What you have to do:
Drop all images and give the records again exactly.

(Web page caption snippets)

= Beginning of Section =

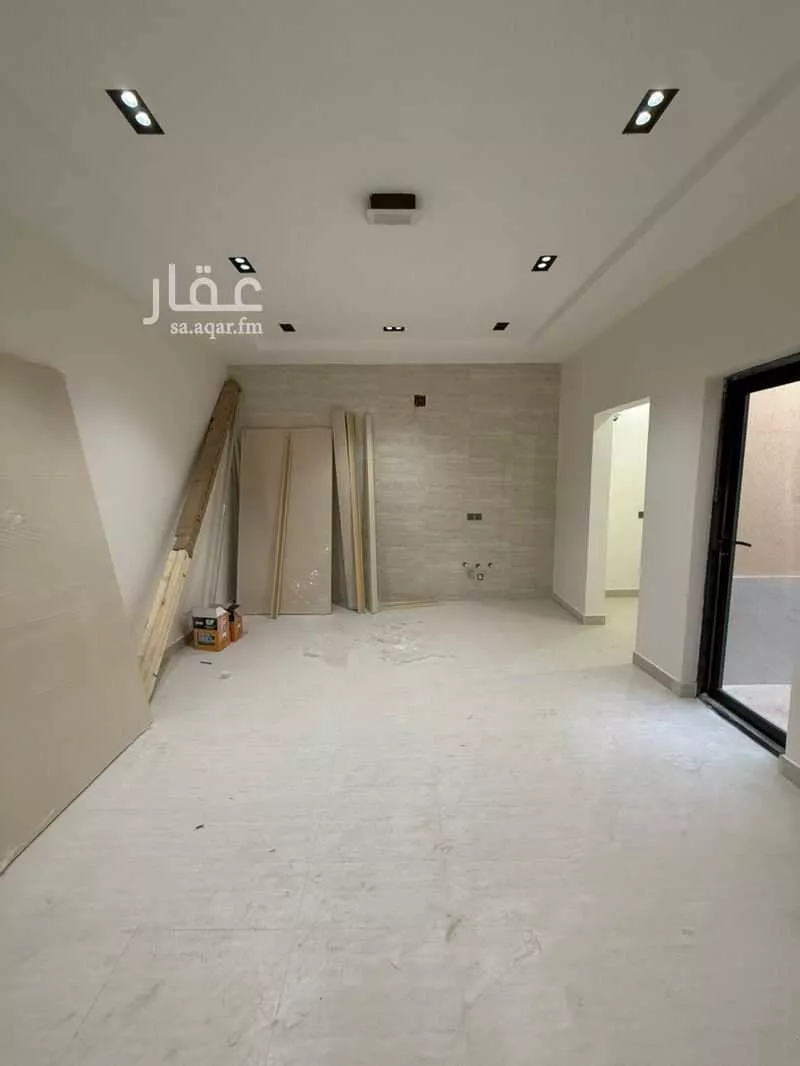 فيلا 10 غرف في الرمال 11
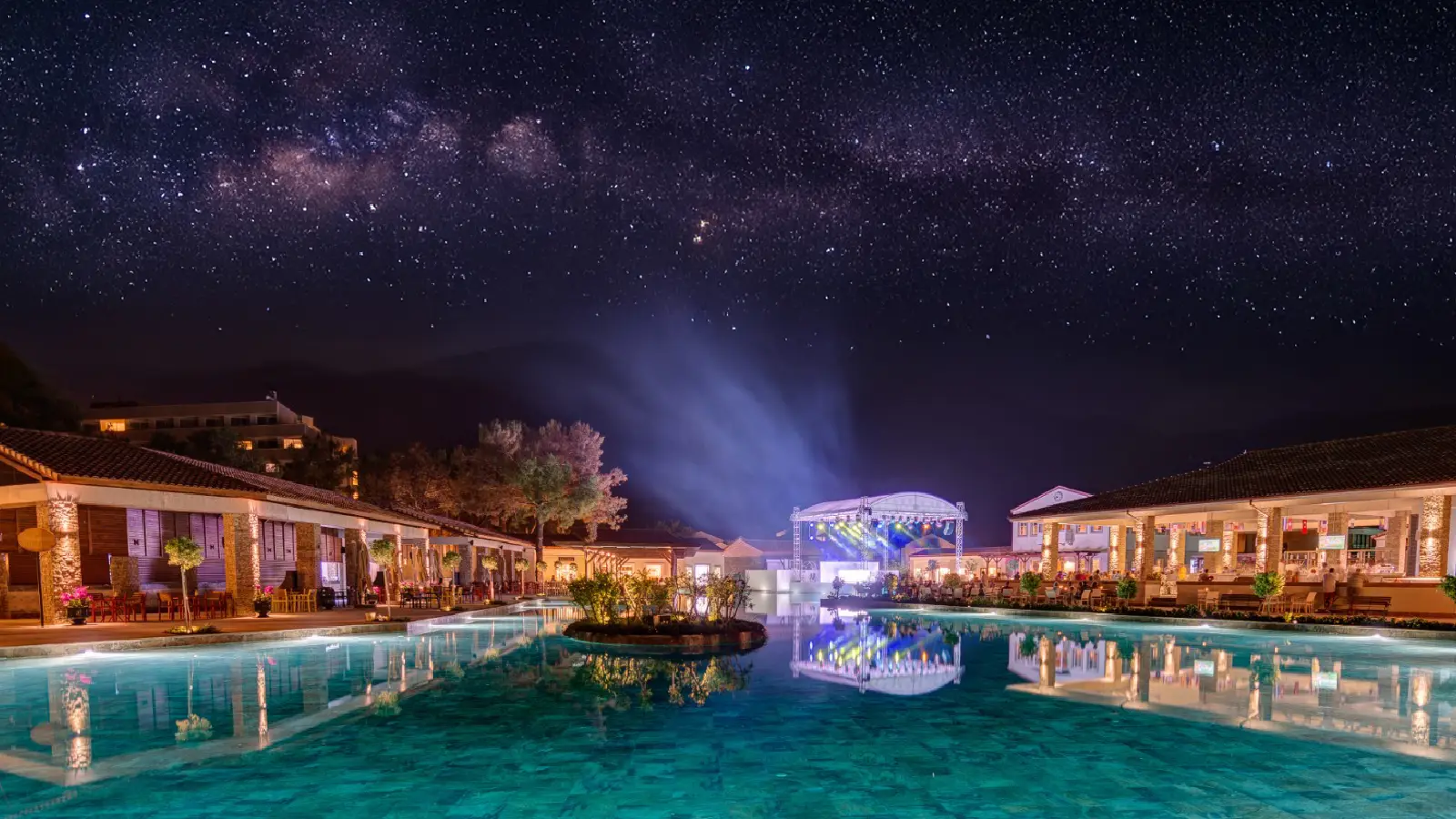 रिक्सस टेकिरोवा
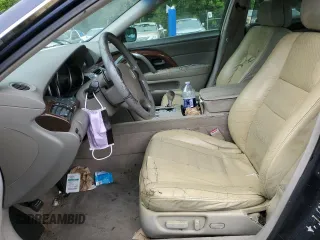 2005 Acura RL z VIN JH4KB16515C014781, wystawiony jako Copart lot #60787895 z przebiegiem Nie podano mil oraz Szkoda całkowita • Salvage title. Historia ofert i sprzedaży dostępna na DreamBid. Obrazek 7.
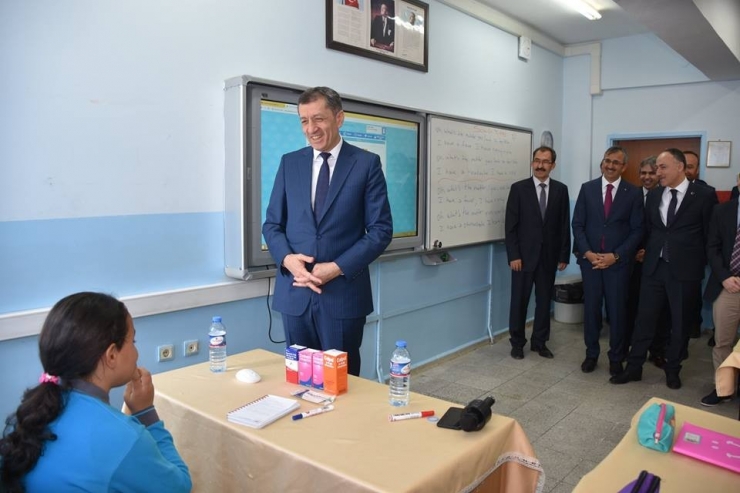 Bakan Selçuk İle Öğrencinin İngilizce Diyaloğu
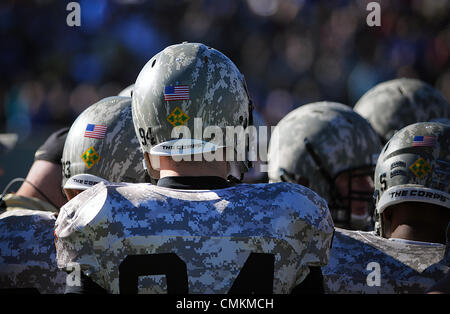 Colorado Springs, Colorado, USA. 2. November 2013. Armee Helm während einer Militärakademie Match-Up zwischen der Army Black Knights und die Air Force Academy Falcons an Falcon Stadium, US Air Force Academy, Colorado Springs, Colorado. Air Force Armee besiegt 42-28 Credit: Csm/Alamy Live-Nachrichten Stockfoto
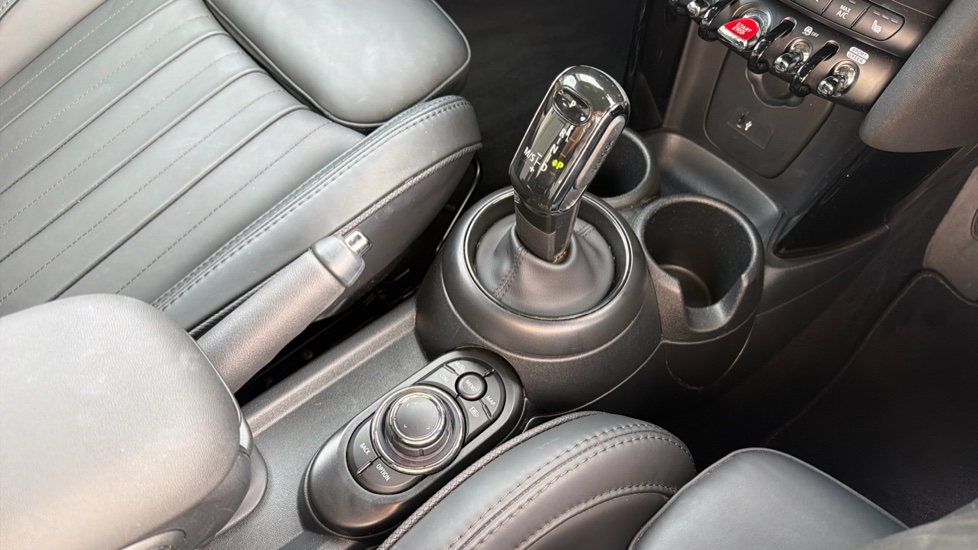 MINI Hatchback 1.5 Cooper Exclusive Premium 5dr Auto Petrol Hatchback - Image 10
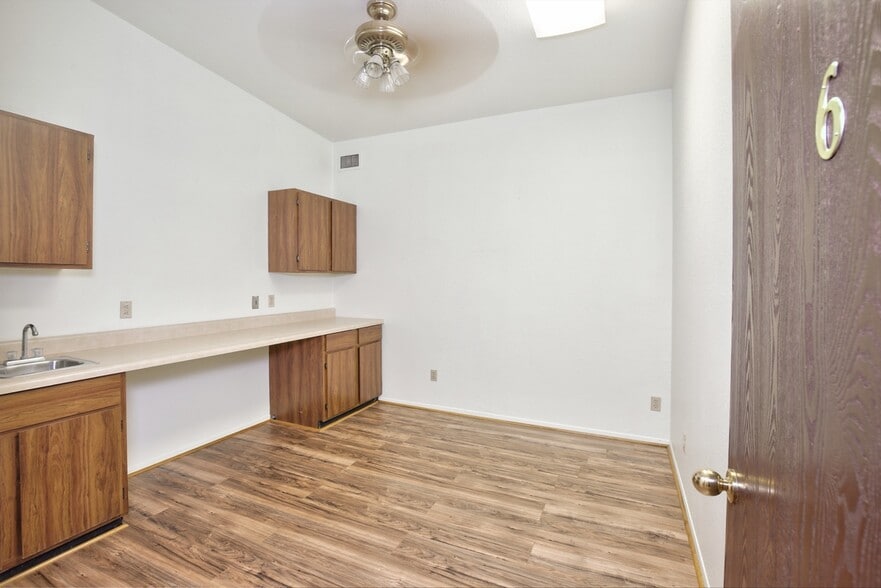 More Photos Of 404 W Main St, Payson Medical For Lease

= End of Section =

Result:
 فيلا 10 غرف في الرمال 11
 रिक्सस टेकिरोवा
 2005 Acura RL z VIN JH4KB16515C014781, wystawiony jako Copart lot #60787895 z przebiegiem Nie podano mil oraz Szkoda całkowita • Salvage title. Historia ofert i sprzedaży dostępna na DreamBid. Obrazek 7.
 Bakan Selçuk İle Öğrencinin İngilizce Diyaloğu
 Colorado Springs, Colorado, USA. 2. November 2013. Armee Helm während einer Militärakademie Match-Up zwischen der Army Black Knights und die Air Force Academy Falcons an Falcon Stadium, US Air Force Academy, Colorado Springs, Colorado. Air Force Armee besiegt 42-28 Credit: Csm/Alamy Live-Nachrichten Stockfoto
 MINI Hatchback 1.5 Cooper Exclusive Premium 5dr Auto Petrol Hatchback - Image 10
 More Photos Of 404 W Main St, Payson Medical For Lease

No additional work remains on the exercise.